Essa reportagem integra o Especial Eleições 2018 – Caminhos para a Escola Brasileira, do Centro de Referências em Educação Integral. A série de matérias irá abordar como os principais temas da educação se relacionam com o projeto de país em disputa com as eleições que se avizinham, dando ênfase para as questões identitárias brasileiras, direitos humanos e políticas públicas de educação.

“Eu quis ser professor porque aprendemos em comunidade, desde sempre, e agora temos a oportunidade de ampliar esses conhecimentos, de ler e escrever. Então estou disposto a ensinar e a aprender com os alunos, para que eles também possam crescer aqui”, explica Silvio.

Peguao Ty é uma das mais de 3 mil escolas em territórios indígenas no Brasil. Destas, 53,5% têm material didático específico para o grupo étnico, segundo o Censo Escolar de 2015, do Ministério da Educação (MEC).

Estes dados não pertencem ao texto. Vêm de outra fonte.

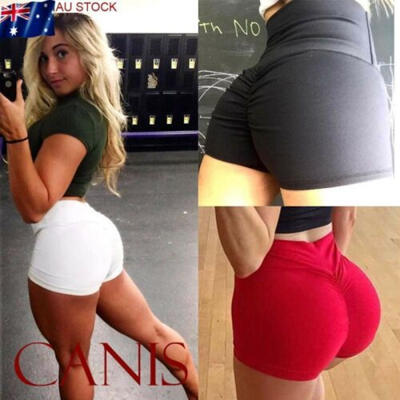 

Womens Shorts Elastic High Waist Hot Pants Fitness Gym Yoga Hot Pants AU STOCK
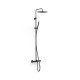 Ensemble de robinet thermostatique mural à 3 voies pour baignoire et douche Noir mat - TRES 19031202NM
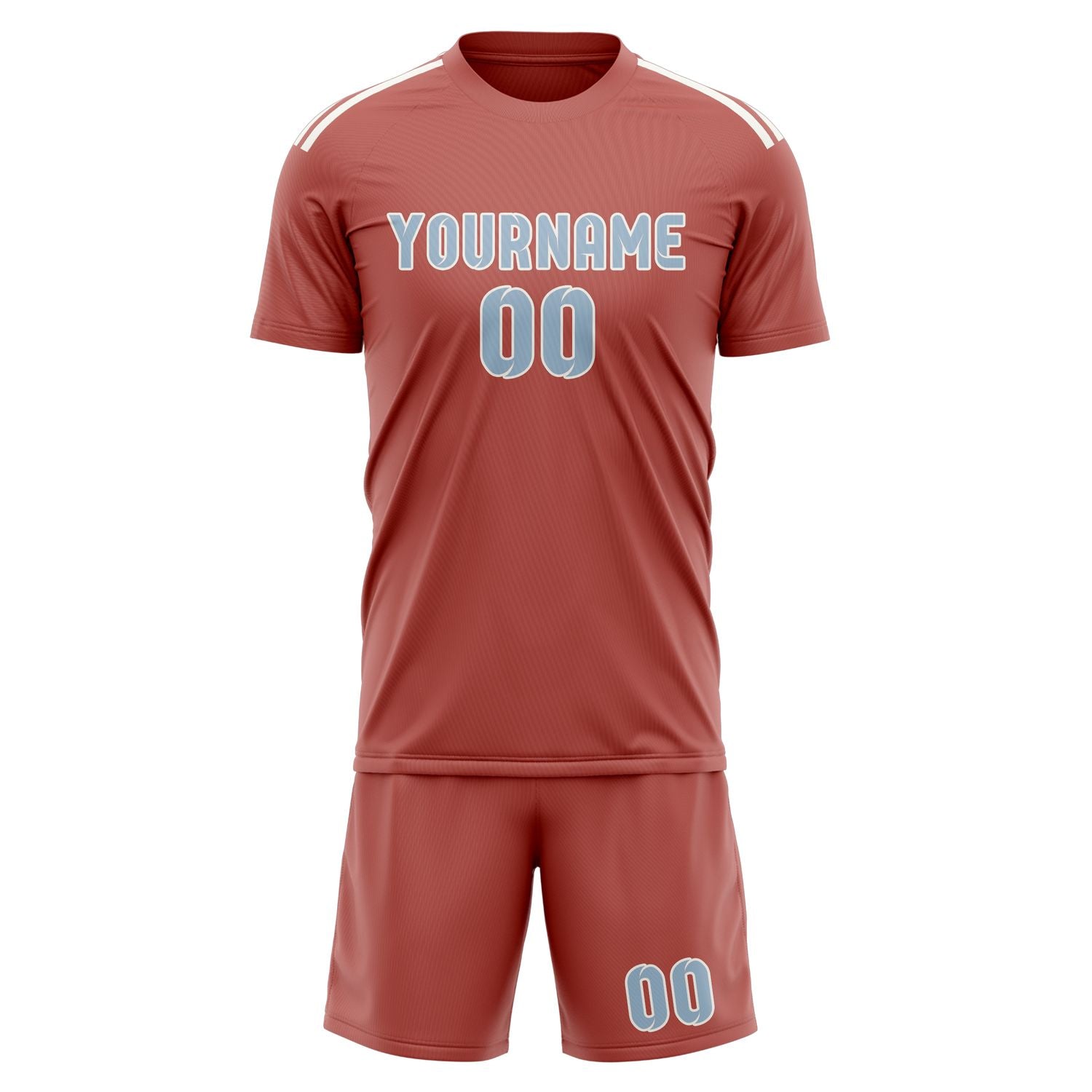 Custom Copper Rose Light Blue Soccer Set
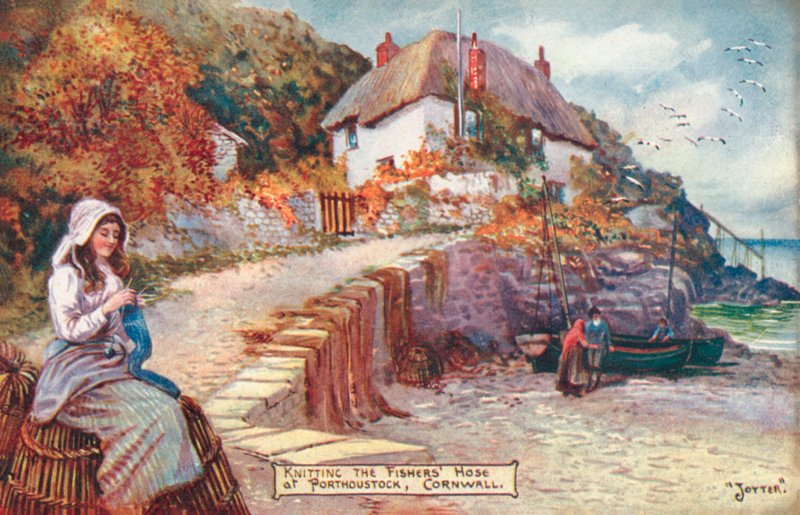 Vrouw die visserssokken breit, Porthoustock, Cornwall door English School
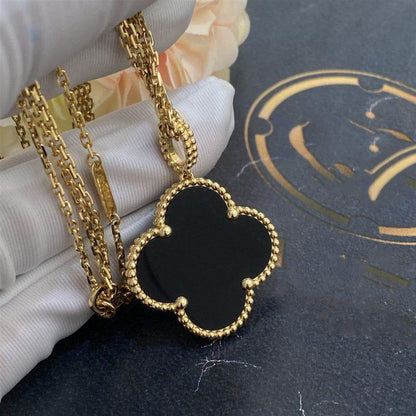 [Violet JW]CLOVER 25MM GOLD ONYX BIG CLOVER NECKLACE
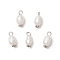 Natural Cultured Freshwater Pearl Rice Pendants, with Iron Loops & Alloy Daisy Spacer Beads, Floral White, Platinum, 15~16x6.5~7mm, Hole: 2~2.5mm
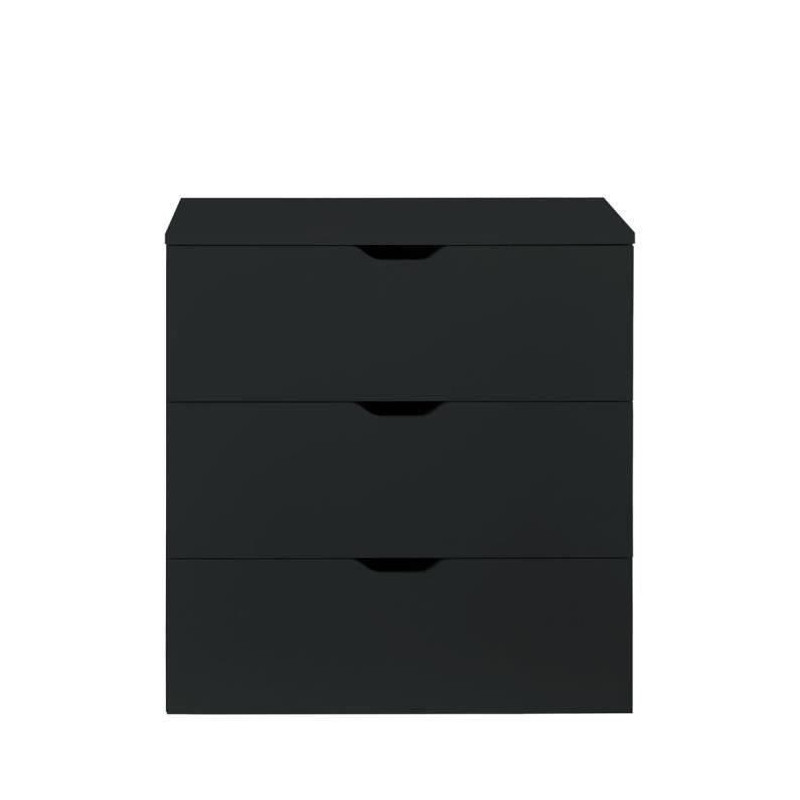 Commode BASIX 3 tiroirs - L 78 x P 40 x H 80 cm - Mélaminé Noir mat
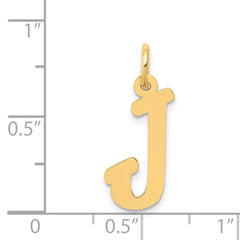 14K Medium Script Initial J Charm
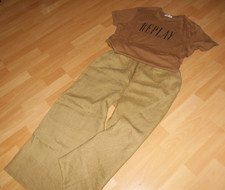 Braune Leinenhose von OYSHO Gr.S weite Beine 100% Leinen Neu!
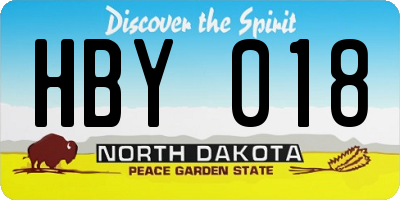 ND license plate HBY018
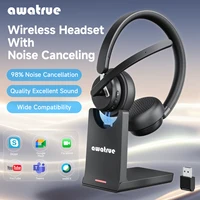 AWATRUE EH11 Auriculares inalámbricos con Bluetooth con micrófono con cancelación de ruido AI y base de carga Auriculares inalámbricos de 2,4 GHz con dongle USB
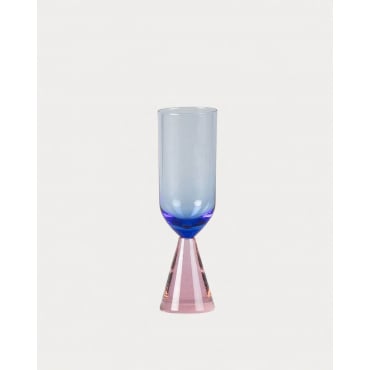 Pack 4 Copas Champagne de Vidrio Sevilla Cristal Azul Sapphire - The Masie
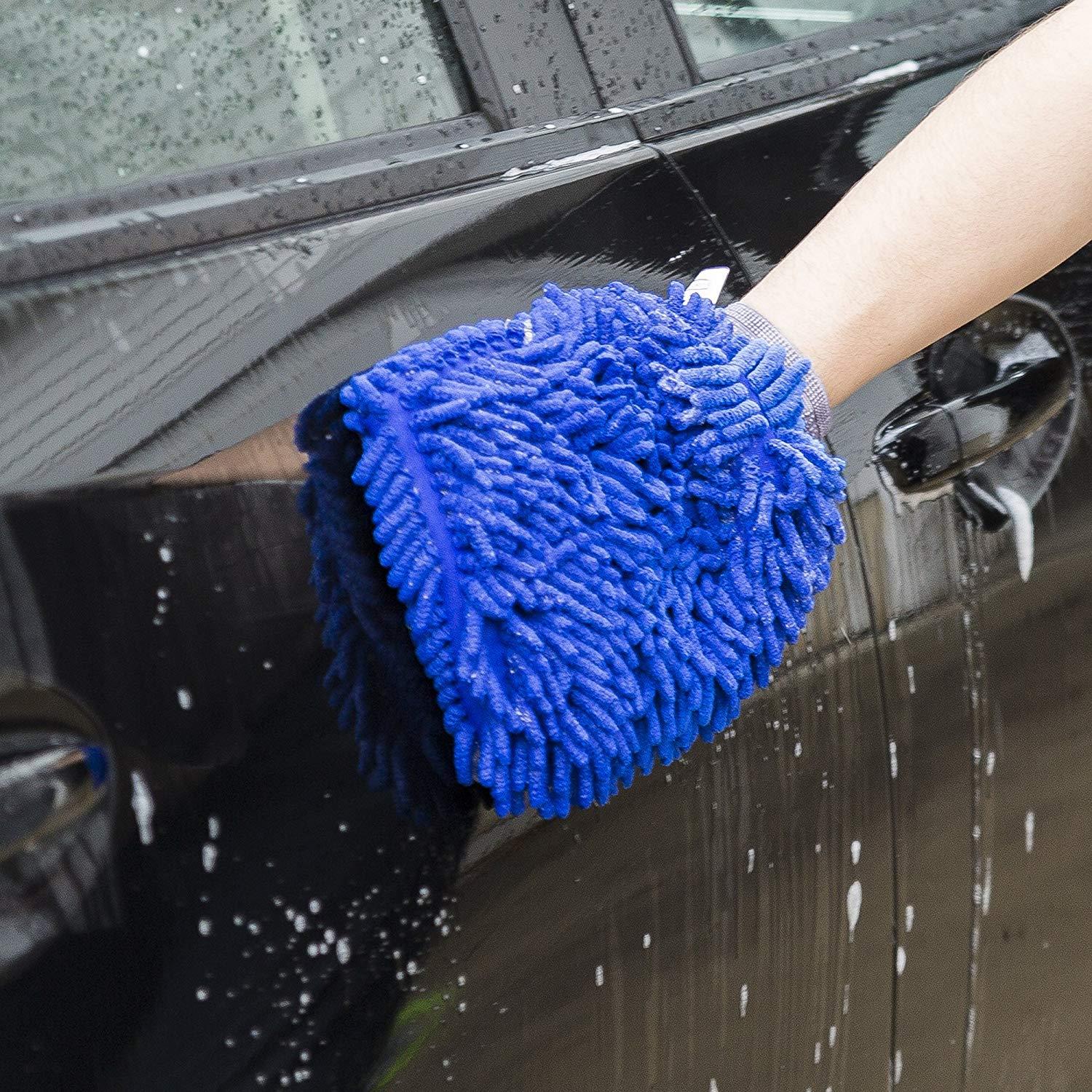 Relentless Drive Ultimate Car Wash Mitt - Extra Large Size - Premium Chenille Microfiber Wash Mitt - Wash Glove - Lint Free - Scratch Free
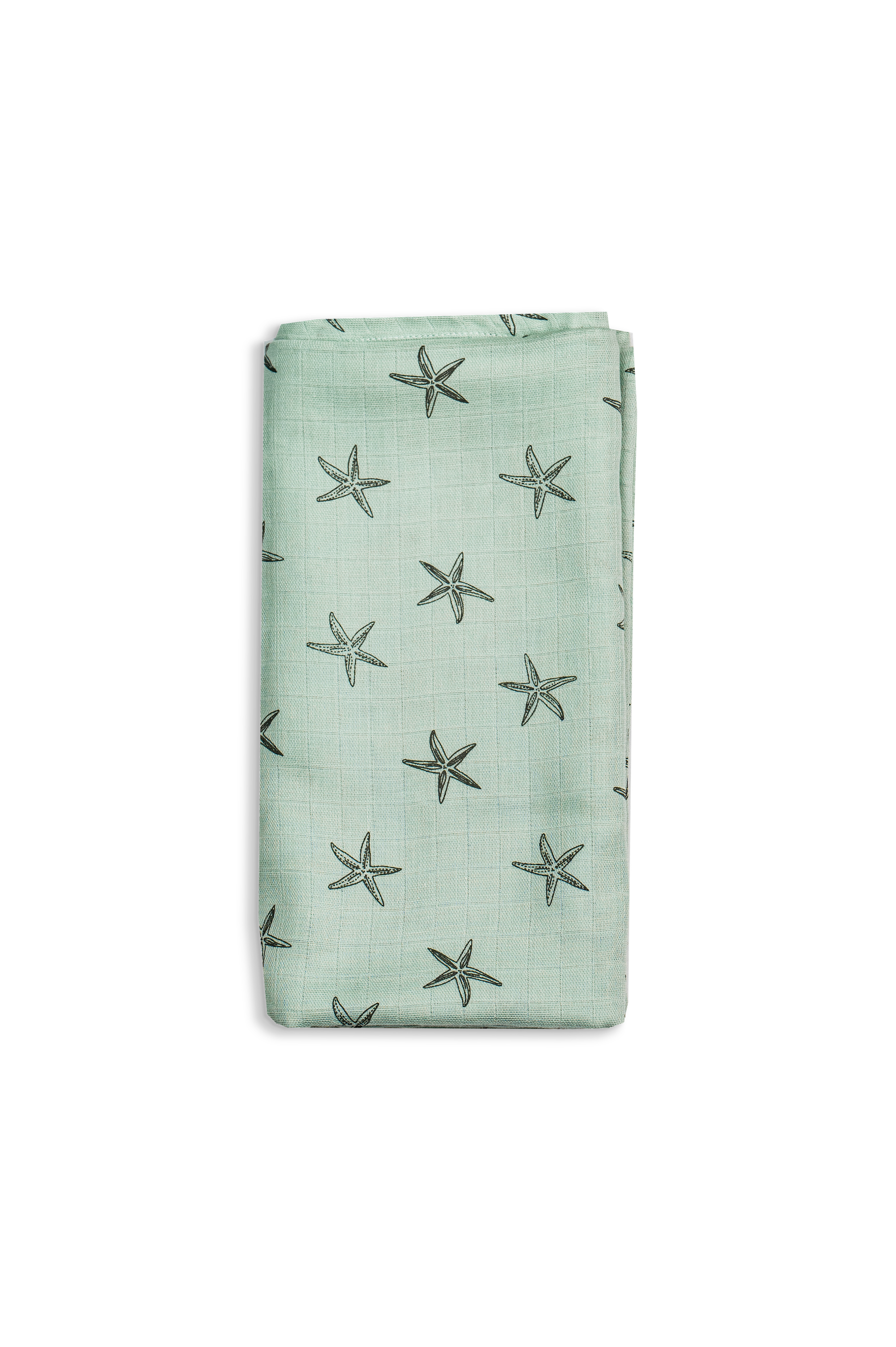 Muslin Swaddles 110 x 110 Mint / Starfish / Shells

Na escola de Silvio, utilizam um material de apoio produzido pelo Magistério Intercultural Superior Indígena da Universidade de São Paulo (USP), apresentado no idioma materno e na língua portuguesa.

Formação de professores e pertencimento

A formação destes professores indígenas e sua continuidade na escola da comunidade é bastante emblemática, como explica Cláudio Gomes da Victória, professor na Faculdade de Educação da Universidade Federal do Amazonas (UFAM) e especialista em educação escolar indígena. “Não adianta criar uma escola indígena e colocar um não-indígena para dar aula”.

Para Cláudio, este senso de pertencimento é fundamental. “Um não-indígena não vai conseguir fazer articulações porque não tem domínio pleno dos conhecimentos, não tem a tradição oral ou a vivência em comunidade. Mas desde que atenda demandas dos povos indígenas, a escola pode ser instrumento de fortalecimento dessas culturas”, complementa o docente que também é responsável pelo Curso de Licenciatura Indígena da UFAM.

Com 380 inscritos em 2018, o curso visa munir os indígenas de boas práticas pedagógicas, que possam complementar seus conhecimentos acumulados e facilitar as relações de ensino-aprendizagem.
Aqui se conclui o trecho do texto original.